Worum es nun ging in diesem Artikel? Um heruntergerutschte Hosen, Staatsflaggen oder Tempel? Vielleicht einfach darum, dass es doch merkwürdig ist, wenn in einem Land das Vorzeigen der eigenen Flagge zum Politikum wird.*** Den Regenschirm würde ich heute immer noch nehmen, ist ja nur ein Schirm, aber ein Hemd mit einer der beiden Flaggen drauf, ob nun Grün-Weiß oder Rot-Blau-Weiß würde ich nicht anziehen wollen. Das überlasse ich dann doch den Taiwanern.
Und taiwanisch im Fernsehen singen möchte ich auch nicht.



*


***Glashaus-Alarm! In Deutschland ist das ein bisschen auch noch so. Geht mir gerade auf. Ich weiß noch, bis vor der Wiedervereinigung durfte man nicht mal "Deutschland" sagen, sondern es musste immer Bundesrepublik heißen, sonst wurde man gleich von der P(oltical)C(orrectness)-Polizei korrigiert. Und wer die Flagge zeigte, war gleich ein Nazi, selbst die Schwarz-Rot-Goldene.


NACHTRAG: Lesen Sie mal auf der Flaggenseite (http://www.taiwandc.org/flags.htm) den Kommentar zur offiziellen Staatsflagge der Republik China/Taiwan.

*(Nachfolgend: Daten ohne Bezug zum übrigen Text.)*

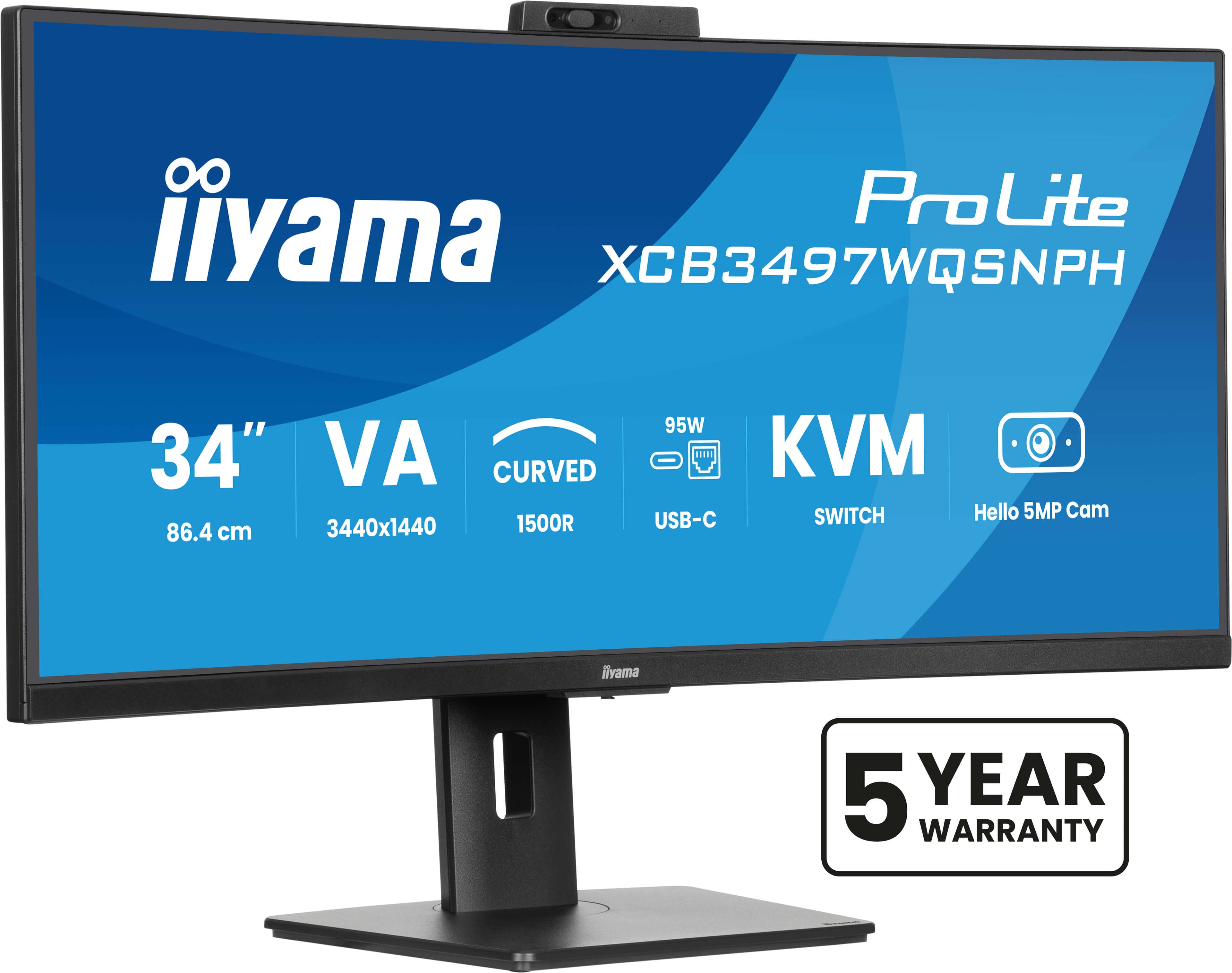 ProLite 34 inch Curved - UltraWide Quad HD VA LED Monitor - 3440x1440 - USB-C Dock - KVM Switch - Windows Hello Cam - HAS / RJ45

Da heißt es, für 85% der Bevölkerung sei die Flagge ein Symbol der Unterdrückung. Und hier wird ganz stark zwischen "Festländern" und "Einheimischen" unterschieden. Das ist ein extremer Pro-Independence-Standpunkt den ich so nie unterschreiben würde. Meine Schwiegermutter ist aus dem Süden (also einheimisch), meine Frau in diesem Sinne ein "Mischling" mit ihrem "Festland"-Vater. Und auch die Vorfahren von Schwiegermutter (und den meisten anderen "Einheimischen") kamen einst aus China. Die Ureinwohner sind eine Minderheit in Taiwan. So sehr wie die Leute von der Flaggenseite wollen nur wenige die pseudo-ethnischen Gräben aufreißen. Wenn man auf der Seite buddelt findet man, dass die Leutchen wohl in Washington-DC sitzen, vermutlich Auslandstaiwaner. Aus der Ferne kann man schon mal leichter hetzen, da wohnt man nicht direkt neben dem "Festländer". Hier im Land ist das alles viel entspannter. Was ich durchaus an den Taiwanern bewundere, dass sie sich nicht in solche Grüppchen aufteilen im Allgemeinen.

1 Kommentar:

Xinxi hat gesagt…

Taiwan ist ein Fall von geglücktem Multikulti: Festländer, einheimische Chinesen, Hakka, Aborigines - und jetzt auch noch wir Langnasen! Ist übrigens eigenartig, dass nur Hakka und Aborigines besondere Regierungsorganisationen haben. (Präsident Ma ist ja wohl auch ein Hakka, habe ich mir sagen lassen. Mag sogar sein, dass seine mangelnde Popularität teilweise damit zusammenhängt.)